* _WORK ORDER_
Would you output the listing exactly, with every image omitted?

*** Opening GIVEN INFORMATION ***

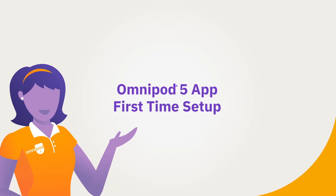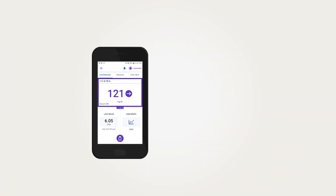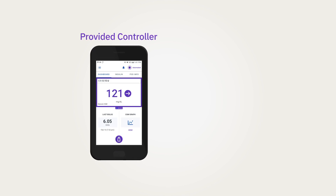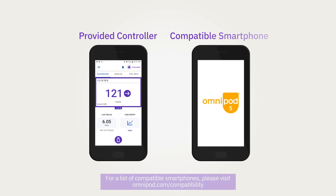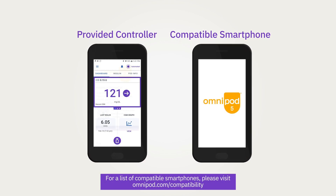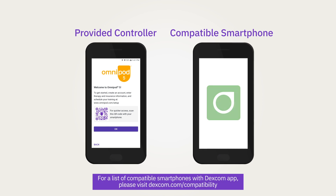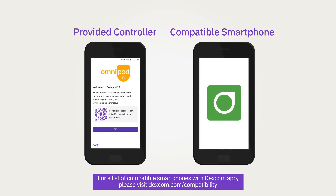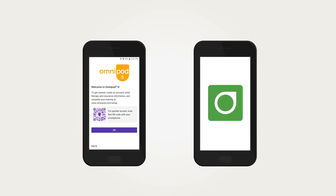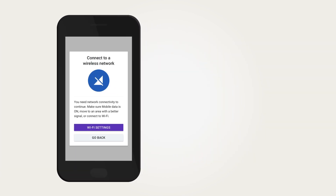Omnipod 5 app first time setup. With the Omnipod 5 system, there are two ways to use the Omnipod 5 app: on the provided controller or on a compatible smartphone. Depending on which you choose, your initial setup instructions and screens may vary slightly. With either method, you will need to download and use the Dexcom G6 app on your own personal smartphone. Use this course to guide you through first time setup, or refer to it later when you are ready.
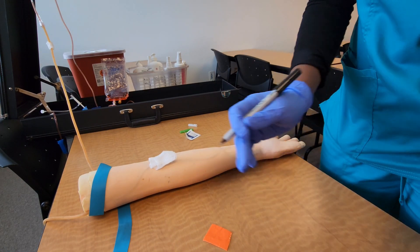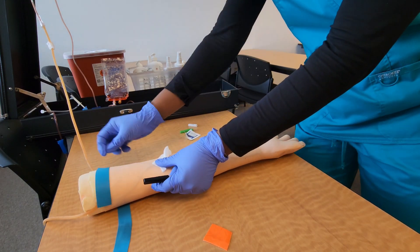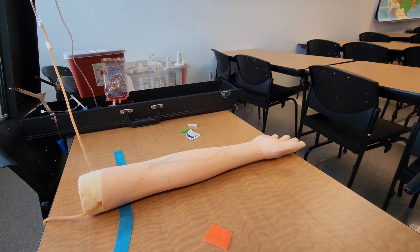While the patient holds pressure, go ahead and label the tubes, invert them several times to mix the blood with the additives, and inspect the puncture site to make sure the patient has stopped bleeding. Once they have, ask if they'd like a band-aid. If yes, apply it to the puncture site. If no, thank the patient and let them know they can leave.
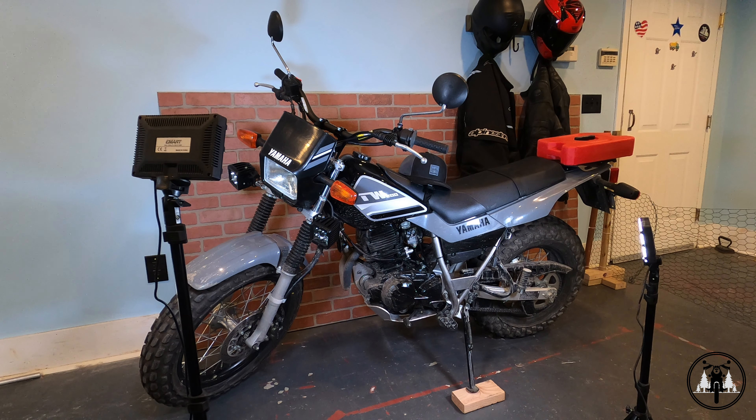Hey, what's going on guys? It's Moseromoto. Today I wanted to show you guys how to use the fuel petcock on your motorcycle.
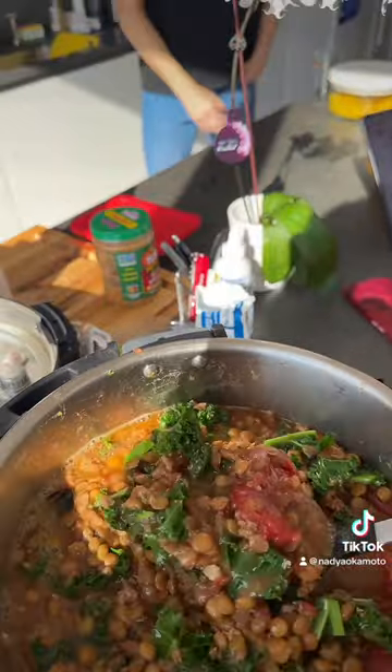I think this is one of the best things I've ever made. It's good for my baby — yes, I'm pregnant! I need to get back to bed.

*** Closing GIVEN INFORMATION ***

* _RESPONSE FOR THIS EXERCISE_
Omnipod 5 app first time setup. With the Omnipod 5 system, there are two ways to use the Omnipod 5 app: on the provided controller or on a compatible smartphone. Depending on which you choose, your initial setup instructions and screens may vary slightly. With either method, you will need to download and use the Dexcom G6 app on your own personal smartphone. Use this course to guide you through first time setup, or refer to it later when you are ready.
While the patient holds pressure, go ahead and label the tubes, invert them several times to mix the blood with the additives, and inspect the puncture site to make sure the patient has stopped bleeding. Once they have, ask if they'd like a band-aid. If yes, apply it to the puncture site. If no, thank the patient and let them know they can leave.
Hey, what's going on guys? It's Moseromoto. Today I wanted to show you guys how to use the fuel petcock on your motorcycle.
I think this is one of the best things I've ever made. It's good for my baby — yes, I'm pregnant! I need to get back to bed.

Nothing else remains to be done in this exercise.